AKS

AKS’ can be used in the AMD Inference Server for end-to-end inference.

Introduction to AKS

Using AKS requires three things: the AKS backend, a graph to run, and kernels. The AKS backend in installed in the AMD Inference Server container and the repository contains sample graphs and kernels that may be used. This reference material is available in external/aks/reference/ Graphs are defined in JSON and represent an acyclic graph of computation using kernels. Kernels perform the work and are defined in two parts: the kernel source and the kernel definition. The source provides the kernels implementation while the definition is a JSON file that provides the metadata for the AKS backend.

Using AKS in AMD Inference Server

AMD Inference Server already uses AKS in workers such as aks_detect.cpp and resnet50.cpp.

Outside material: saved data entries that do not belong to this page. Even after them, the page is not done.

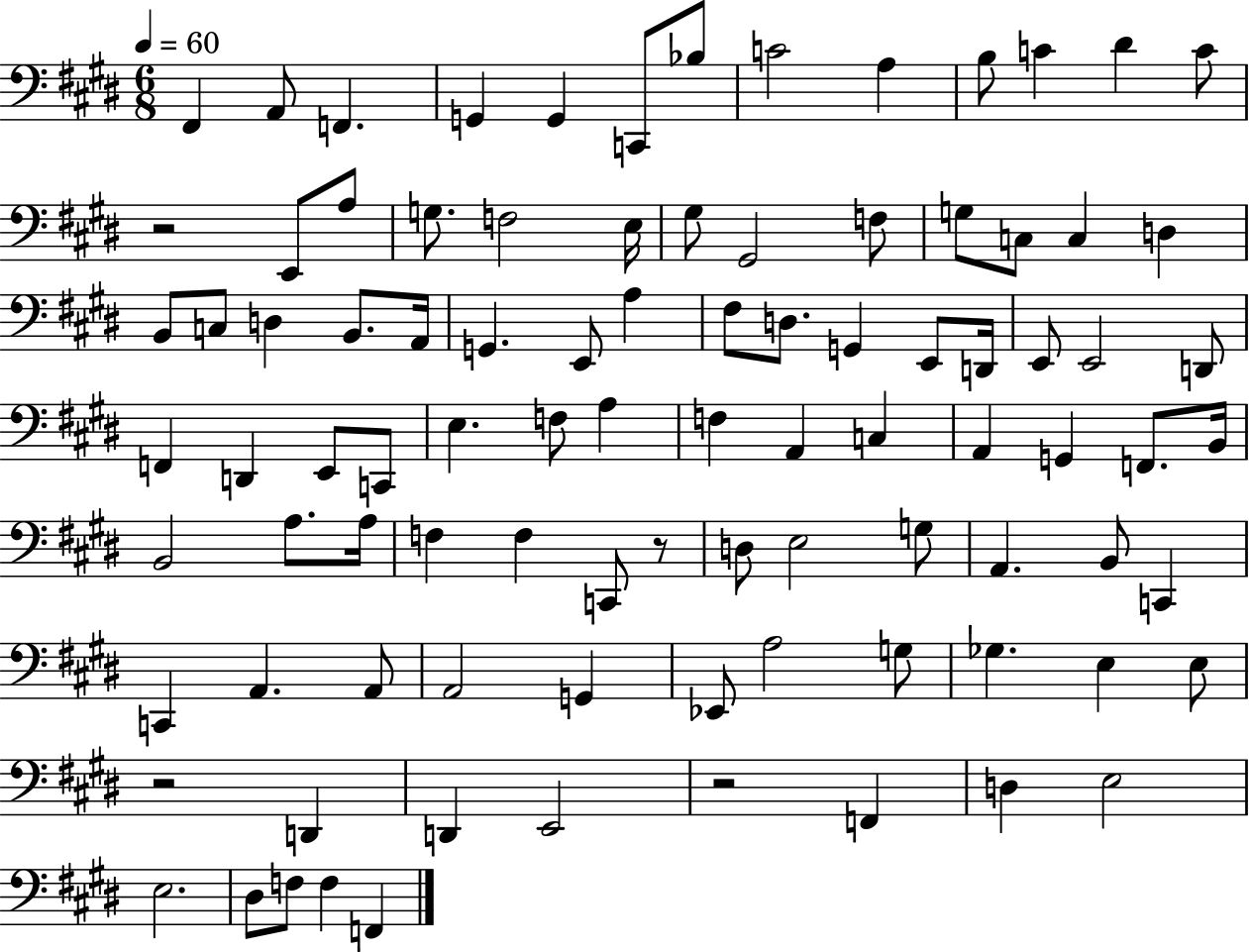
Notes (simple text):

F#2/q A2/e F2/q. G2/q G2/q C2/e Bb3/e C4/h A3/q B3/e C4/q D#4/q C4/e R/h E2/e A3/e G3/e. F3/h E3/s G#3/e G#2/h F3/e G3/e C3/e C3/q D3/q B2/e C3/e D3/q B2/e. A2/s G2/q. E2/e A3/q F#3/e D3/e. G2/q E2/e D2/s E2/e E2/h D2/e F2/q D2/q E2/e C2/e E3/q. F3/e A3/q F3/q A2/q C3/q A2/q G2/q F2/e. B2/s B2/h A3/e. A3/s F3/q F3/q C2/e R/e D3/e E3/h G3/e A2/q. B2/e C2/q C2/q A2/q. A2/e A2/h G2/q Eb2/e A3/h G3/e Gb3/q. E3/q E3/e R/h D2/q D2/q E2/h R/h F2/q D3/q E3/h E3/h. D#3/e F3/e F3/q F2/q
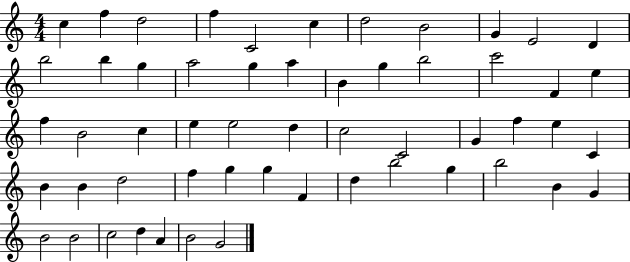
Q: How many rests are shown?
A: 0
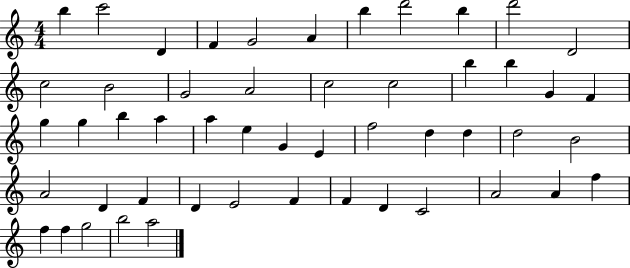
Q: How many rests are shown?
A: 0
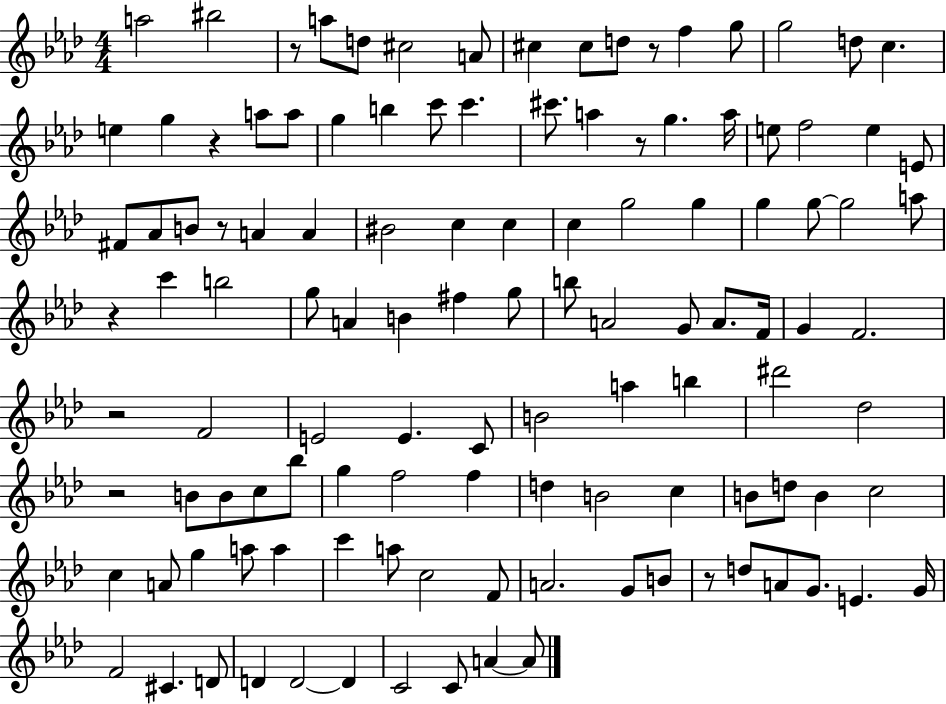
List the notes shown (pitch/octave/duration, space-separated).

A5/h BIS5/h R/e A5/e D5/e C#5/h A4/e C#5/q C#5/e D5/e R/e F5/q G5/e G5/h D5/e C5/q. E5/q G5/q R/q A5/e A5/e G5/q B5/q C6/e C6/q. C#6/e. A5/q R/e G5/q. A5/s E5/e F5/h E5/q E4/e F#4/e Ab4/e B4/e R/e A4/q A4/q BIS4/h C5/q C5/q C5/q G5/h G5/q G5/q G5/e G5/h A5/e R/q C6/q B5/h G5/e A4/q B4/q F#5/q G5/e B5/e A4/h G4/e A4/e. F4/s G4/q F4/h. R/h F4/h E4/h E4/q. C4/e B4/h A5/q B5/q D#6/h Db5/h R/h B4/e B4/e C5/e Bb5/e G5/q F5/h F5/q D5/q B4/h C5/q B4/e D5/e B4/q C5/h C5/q A4/e G5/q A5/e A5/q C6/q A5/e C5/h F4/e A4/h. G4/e B4/e R/e D5/e A4/e G4/e. E4/q. G4/s F4/h C#4/q. D4/e D4/q D4/h D4/q C4/h C4/e A4/q A4/e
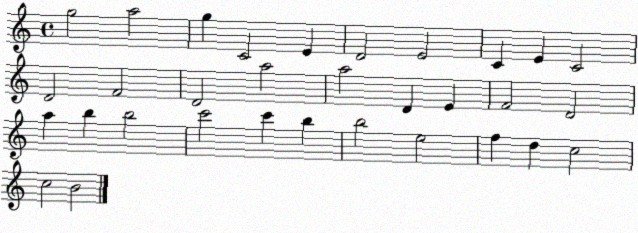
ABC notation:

X:1
T:Untitled
M:4/4
L:1/4
K:C
g2 a2 g C2 E D2 E2 C E C2 D2 F2 D2 a2 a2 D E F2 D2 a b b2 c'2 c' b b2 e2 f d c2 c2 B2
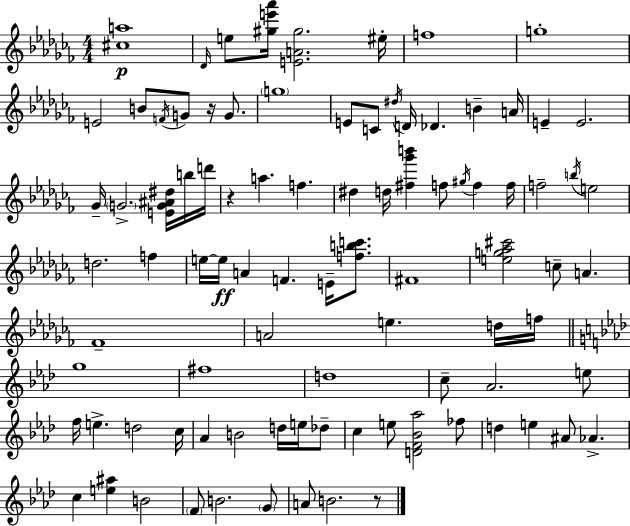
{
  \clef treble
  \numericTimeSignature
  \time 4/4
  \key aes \minor
  <cis'' a''>1\p | \grace { des'16 } e''8 <gis'' e''' aes'''>16 <e' a' gis''>2. | eis''16-. f''1 | g''1-. | \break e'2 b'8 \acciaccatura { f'16 } g'8 r16 g'8. | \parenthesize g''1 | e'8 c'8 \acciaccatura { dis''16 } d'16 des'4. b'4-- | a'16 e'4-- e'2. | \break ges'16-- \parenthesize g'2.-> | <e' g' ais' dis''>16 b''16 d'''16 r4 a''4. f''4. | dis''4 d''16 <fis'' ges''' b'''>4 f''8 \acciaccatura { gis''16 } f''4 | f''16 f''2-- \acciaccatura { b''16 } e''2 | \break d''2. | f''4 e''16~~ e''16\ff a'4 f'4. | e'16-- <f'' b'' c'''>8. fis'1 | <e'' g'' aes'' cis'''>2 c''8-- a'4. | \break fes'1-- | a'2 e''4. | d''16 f''16 \bar "||" \break \key aes \major g''1 | fis''1 | d''1 | c''8-- aes'2. e''8 | \break f''16 e''4.-> d''2 c''16 | aes'4 b'2 d''16 e''16 des''8-- | c''4 e''8 <d' f' bes' aes''>2 fes''8 | d''4 e''4 ais'8 aes'4.-> | \break c''4 <e'' ais''>4 b'2 | \parenthesize f'8 b'2. \parenthesize g'8 | a'8 b'2. r8 | \bar "|."
}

These workers are good examples of how to incorporate AKS into a AMD Inference Server worker. The worker needs to pass a path to an AKS graph and a graph to run to the AKS backend. This information may be hard-coded into the worker or provided by the user at load time.

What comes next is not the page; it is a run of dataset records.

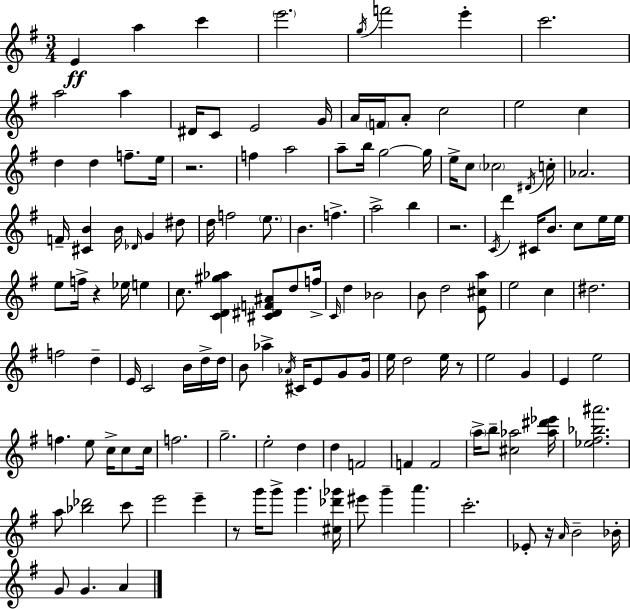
{
  \clef treble
  \numericTimeSignature
  \time 3/4
  \key e \minor
  \repeat volta 2 { e'4\ff a''4 c'''4 | \parenthesize e'''2. | \acciaccatura { g''16 } f'''2 e'''4-. | c'''2. | \break a''2 a''4 | dis'16 c'8 e'2 | g'16 a'16 \parenthesize f'16 a'8-. c''2 | e''2 c''4 | \break d''4 d''4 f''8.-- | e''16 r2. | f''4 a''2 | a''8-- b''16 g''2~~ | \break g''16 e''16-> c''8 \parenthesize ces''2 | \acciaccatura { dis'16 } c''16-. aes'2. | f'16-- <cis' b'>4 b'16 \grace { des'16 } g'4 | dis''8 d''16 f''2 | \break \parenthesize e''8. b'4. f''4.-> | a''2-> b''4 | r2. | \acciaccatura { c'16 } d'''4 cis'16 b'8. | \break c''8 e''16 e''16 e''8 f''16-> r4 ees''16 | e''4 c''8. <c' d' gis'' aes''>4 <cis' dis' f' ais'>8 | d''8 f''16-> \grace { c'16 } d''4 bes'2 | b'8 d''2 | \break <e' cis'' a''>8 e''2 | c''4 dis''2. | f''2 | d''4-- e'16 c'2 | \break b'16 d''16-> d''16 b'8 aes''4-> \acciaccatura { aes'16 } | cis'16 e'8 g'8 g'16 e''16 d''2 | e''16 r8 e''2 | g'4 e'4 e''2 | \break f''4. | e''8 c''16-> c''8 c''16 f''2. | g''2.-- | e''2-. | \break d''4 d''4 f'2 | f'4 f'2 | \parenthesize a''16-> b''8-- <cis'' aes''>2 | <aes'' dis''' ees'''>16 <ees'' fis'' bes'' ais'''>2. | \break a''8 <bes'' des'''>2 | c'''8 e'''2 | e'''4-- r8 g'''16 g'''8-> g'''4. | <cis'' des''' ges'''>16 eis'''8 g'''4-- | \break a'''4. c'''2.-. | ees'8-. r16 \grace { a'16 } b'2-- | bes'16-. g'8 g'4. | a'4 } \bar "|."
}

When a request is received by a worker that uses AKS, it must eventually enqueue the job to AKS’s manager and then parse the response. This response may vary depending on how the AKS graph that is being executed is defined as the last kernel in the graph determines the output format. Thus, unless the response can be generalized, you may need a worker per AKS graph.

To use AKS with a new workload, first define any new kernels that you need. Then, you can write a graph to describe the desired dataflow. Refer to AKS’s documentation for more information about these steps. Next, you can write a worker to handle this graph or reuse an existing worker if the graph’s output is compatible. More information about workers in AMD Inference Server is in Architecture.